Exercise goal: All lines from the top of the records below through the line holding "吸毒人员能否考取驾照？（吸毒人员能否考取驾照）", and only those, should be printed exactly, minus the pictures.

START Data to process

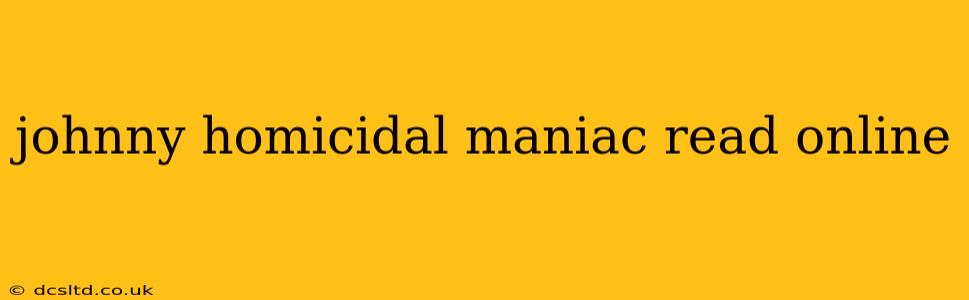 johnny homicidal maniac read online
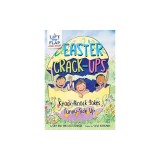 Easter Crack-Ups: Knock-Knock Jokes Funny-Side Up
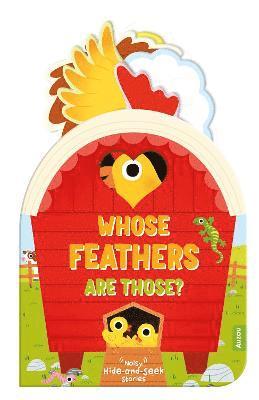 Whose Feathers Are Those? (Noisy Hide-and-Seek Stories) 1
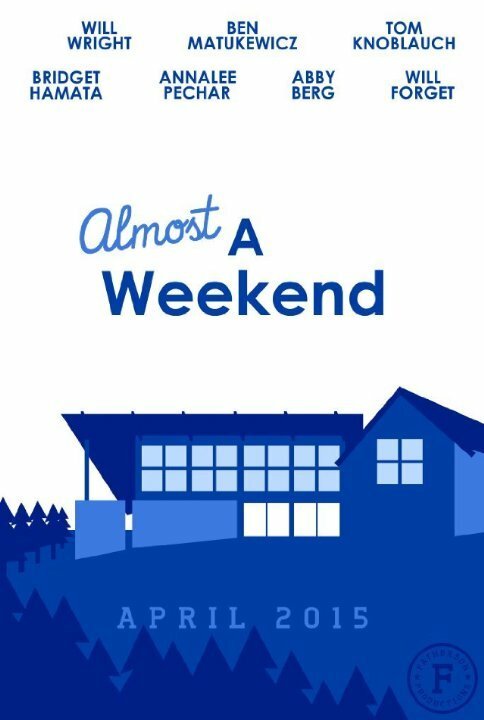 Постер фильма Almost a Weekend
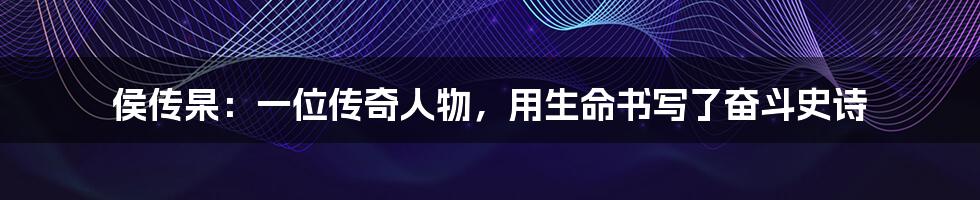 侯传杲:一位传奇人物,用生命书写了奋斗史诗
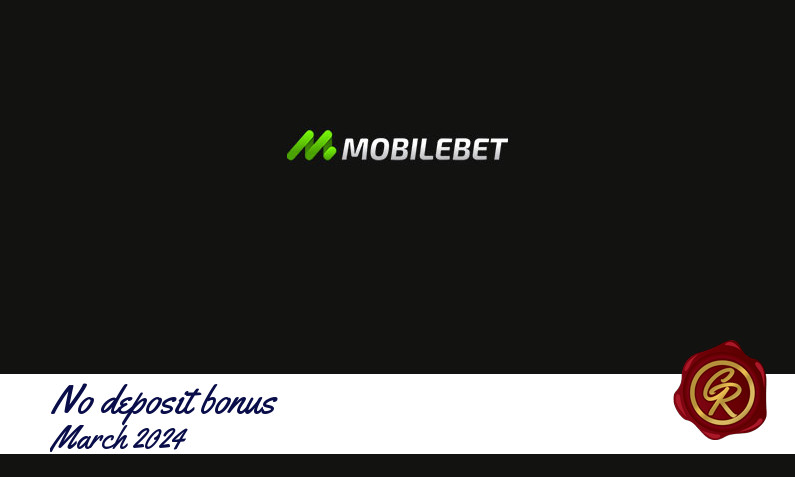 Latest no deposit Mobilebet Casino registration bonus March 2024
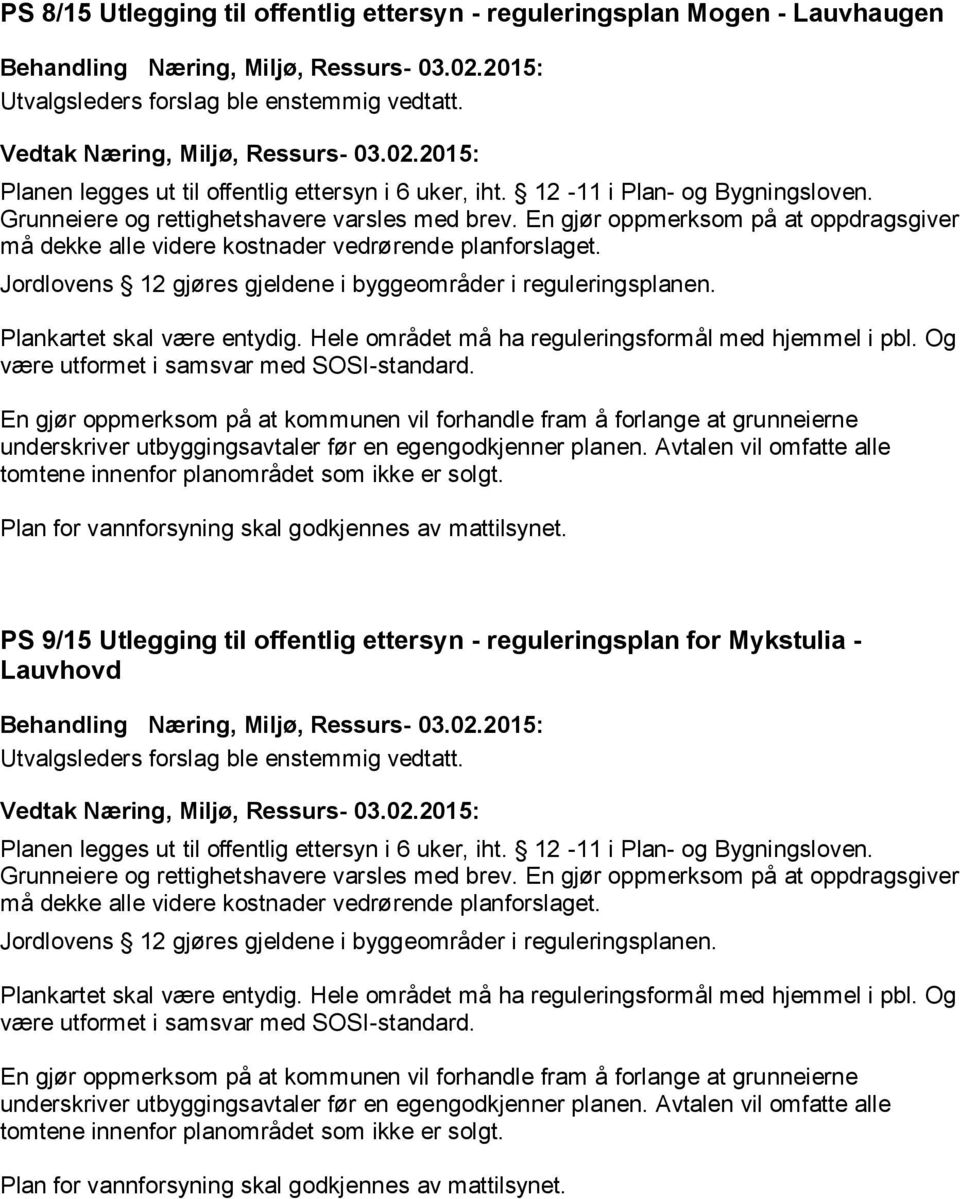 Jordlovens 12 gjøres gjeldene i byggeområder i reguleringsplanen. Plankartet skal være entydig. Hele området må ha reguleringsformål med hjemmel i pbl. Og være utformet i samsvar med SOSI-standard.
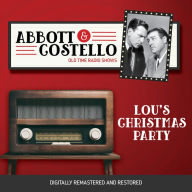 Abbott and Costello: Lou's Christmas Party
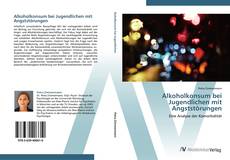 Bookcover of Alkoholkonsum bei Jugendlichen mit Angststörungen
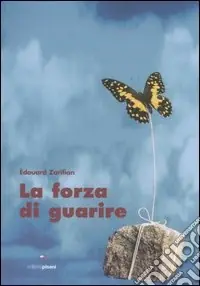 La forza di guarire Scelto Dai Clienti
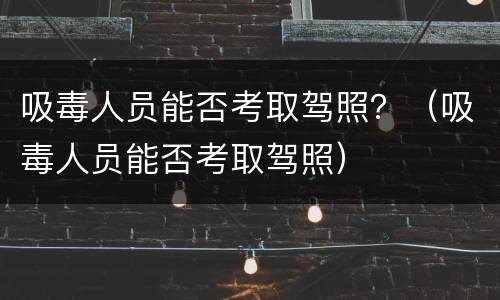 吸毒人员能否考取驾照？（吸毒人员能否考取驾照）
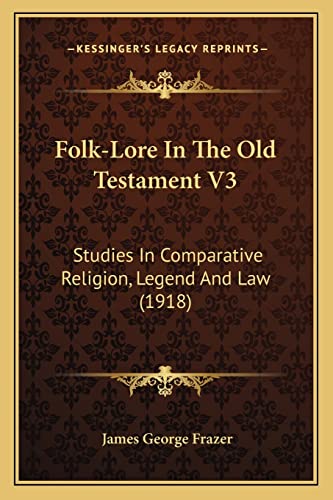 Folk-Lore In The Old Testament V3: Studies In Comparative Religion, Legend And Law (1918)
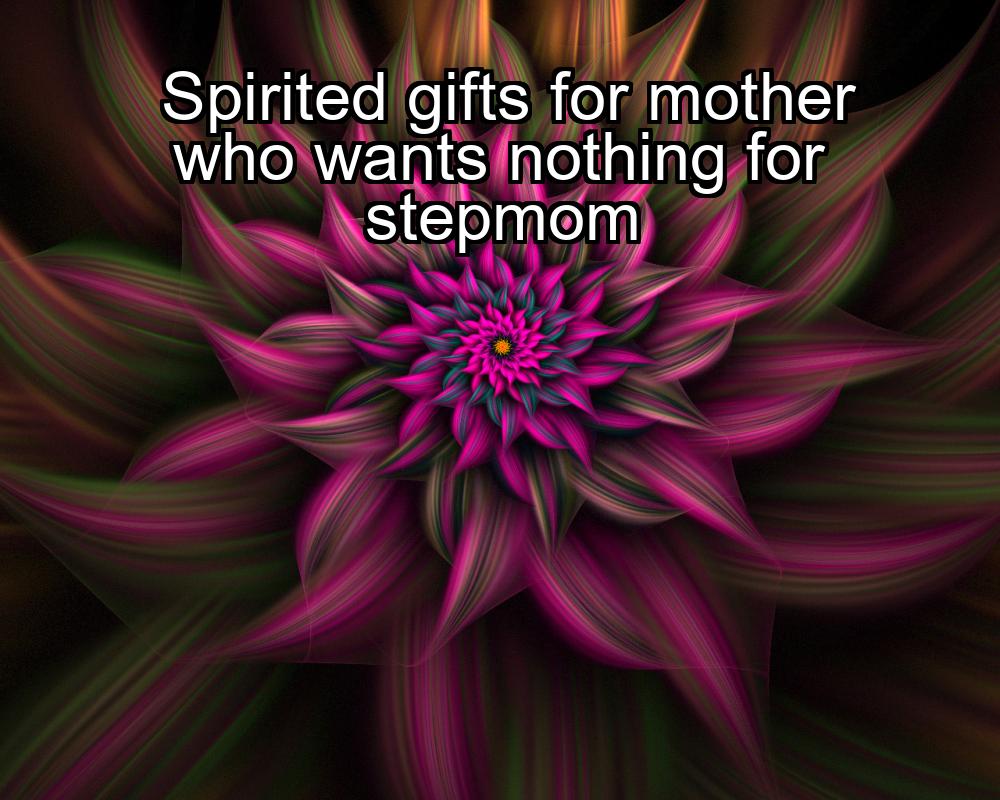 spirited-gifts-for-mother-who-wants-nothing-for-stepmom-1737423953-1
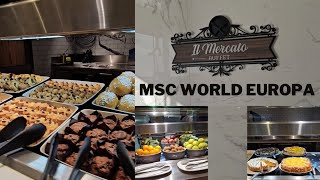 MSC World Europa Buffet: A Food Lover's Dream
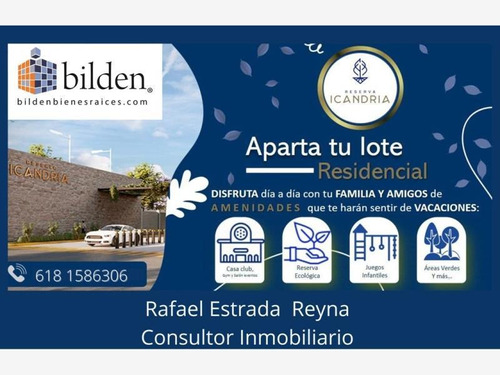 Terreno En Venta Fraccionamiento Reserva Icandria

END Data to process

Solved problem:
 johnny homicidal maniac read online
 Easter Crack-Ups: Knock-Knock Jokes Funny-Side Up
 Whose Feathers Are Those? (Noisy Hide-and-Seek Stories) 1
 Постер фильма Almost a Weekend
 侯传杲:一位传奇人物,用生命书写了奋斗史诗
 Latest no deposit Mobilebet Casino registration bonus March 2024
 Jordlovens 12 gjøres gjeldene i byggeområder i reguleringsplanen. Plankartet skal være entydig. Hele området må ha reguleringsformål med hjemmel i pbl. Og være utformet i samsvar med SOSI-standard.
 Abbott and Costello: Lou's Christmas Party
 Bookcover of Alkoholkonsum bei Jugendlichen mit Angststörungen
 La forza di guarire Scelto Dai Clienti
 吸毒人员能否考取驾照？（吸毒人员能否考取驾照）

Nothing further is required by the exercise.